Over the years, I’ve made it a focus of mine to research relationships and good relating. I can’t say that I’m an expert, but I can say that I’ve stumbled upon some helpful ideas. If men only learn one idea about relationships, I hope they learn about the nature of attachment – better known as attachment theory.

Attachment theory proposes that there are actual categories and predictable styles of relating. Two common styles that also exist as polarities are named Distancer and Pursuer. Although Distancer and Pursuer might sound like rock bands, they are actually labels describing the direction of one’s emotional energy in relation to the object of desire (your boyfriend).

The understanding is pretty elementary based upon the definitions of the words themselves. The Distancer resists emotional advancement, retreating from intimate exposure – distancing. The Pursuer is all about advancement, initiating connection, and taking risks of intimacy – pursuing.

So if these styles are metaphorical rock bands, the song lyrics of the Distancer is "Don’t get too close to me or I will feel smothered and die!" and for the Pursuer, "Don’t leave me or I will feel abandoned and die!" Now keep in mind that I am speaking in extremes for the sake of making a point. Most of us fall somewhere in between the two poles, not on the pole itself (there is a gay joke in there somewhere).

The Distancer/Pursuer styles of relating are not meant to be ideal templates for healthy relating. In fact, these styles create less than healthy relationships. The styles are the result of past wounds and fears usually from childhood or previous hurtful relationships that surface during times of stress, transition, or crisis. When we feel unsafe in relationship or mistrust our partner, it is not uncommon to respond from a fear-based place. Our preferred style kicks in, informing how we react. Mindlessly reacting as the Distancer or Pursuer feels like being controlled, as if you are a puppet to your own fear or painful past.

Fear triggered in one partner usually triggers fear in the other partner and a painful cyclical dance of avoidance and missed connections follows. This dance can take place over the course of an evening or continue on for a lifetime. For some men, this is the only way they know how to relate; for most of us, the good news is that we have other styles of relating available to us.

The Distancer/Pursuer model is based on dependency. Either I am dependent on you not getting too close or dependent on you not going too far away.
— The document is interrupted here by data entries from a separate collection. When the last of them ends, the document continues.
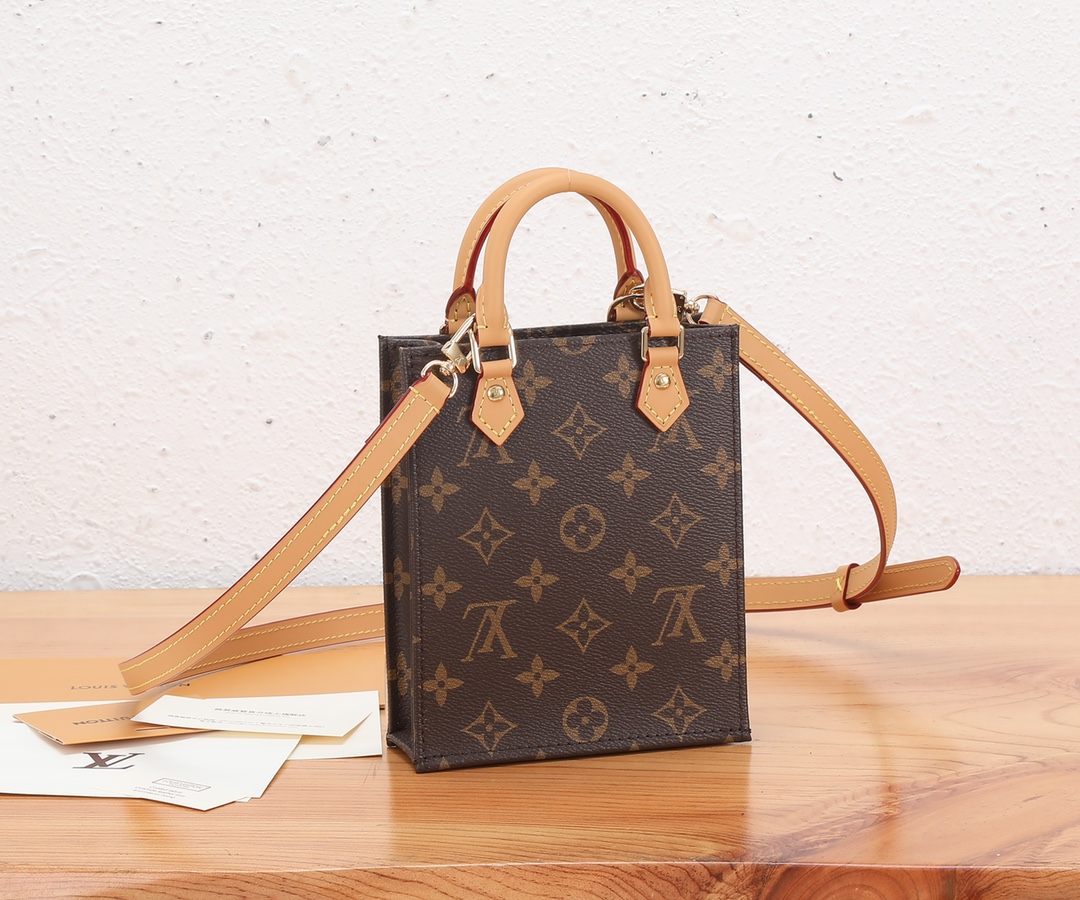 Louis Vuitton Petit Sac Plat Crossbody Bag - Image 3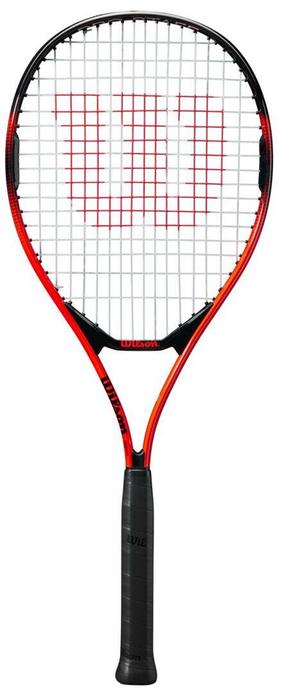 Tenisa rakete Wilson Pro Stuff Precision WR133610H, melna krās./sarkana krās.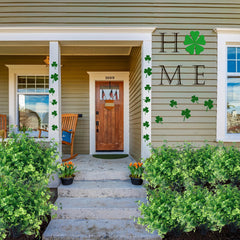 UV resistant clover bushes for indoor or outdoor decor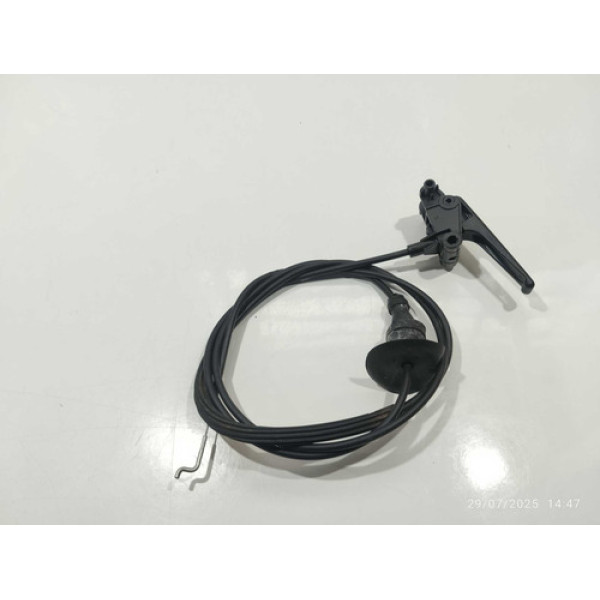 Alavanca Cabo Abertura Do Capô Peugeot Hoggar 1.4 Flex  2012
The best way to break this unhealthy pattern is to focus not on your boyfriend but on your self. Now everybody repeat after me, "Focus on your self!" Focus on your independence or individuality within the relationship. Notice how you lose your sense of self when preoccupied with whether he is too close or too distant – whether he is out with friends or at home, whether he will call tonight or forget, whether he will hold your hand in the movie or fall asleep.

Our crazy culture with all its embarrassing love songs, sappy Hallmark greetings, and idealized marriage commitments all boast a false romantic notion of becoming ONE. It is this very idea that has confused partners and ruined many relationships. The Distancer/Pursuer styles of relating thrive on this ONE crap.

The best relationships are not those of fused lovers glued together at the hips, but of men who live separate lives, maintain unique identities, and then choose to connect with their partner while keeping healthy boundaries. And what are healthy boundaries you ask? Well that’s another Oprah.

I Googled "lyrics without you" and found these lyrics by Kimberly Locke of past American Idol fame, "Without you, where do I belong? Without you, how can I go on? Tell me how am I supposed to live my life without you?" Oh lord the drama!

The Distancer/Pursuer model of relating is underscored with drama and usually ends up as a romantic tragedy. The idea of a soul mate that cannot live without you might sell record albums and appeal to the needy part of you (a part we all have), but that belief does not help sustain healthy relationships. The truth is that healthy relating brings less drama, can be ordinary or boring, and even (gasp) disappointing. Who wants to hear that song? "When I’m with you I have healthy boundaries. When I’m with you I stay differentiated. When I’m with you I feel ordinary."

The Distancer/Pursuer understanding can be very helpful for monitoring when you have lost your self in relationship, when you’ve become ONE. When the feelings of dependency kick in, it means you’ve put your life on hold and are too preoccupied with your boyfriend. Noticing when you fall into this pattern can prevent a future train wreck.

Also understanding these styles of relating is helpful to single men looking for a beau or beginning to date. It is not uncommon to be attracted to someone who is the opposite of your preferred style. So Distancers are usually attracted to Pursuers and vice versa. When starting to date notice how your style gets triggered, which is a good indication you’re feeling fear or unsafe. A simple antidote to this fear is to remind yourself that you do not need him, but choose to be with him (or not). Hopefully that antidote will help create some clarity as you sort through your feelings.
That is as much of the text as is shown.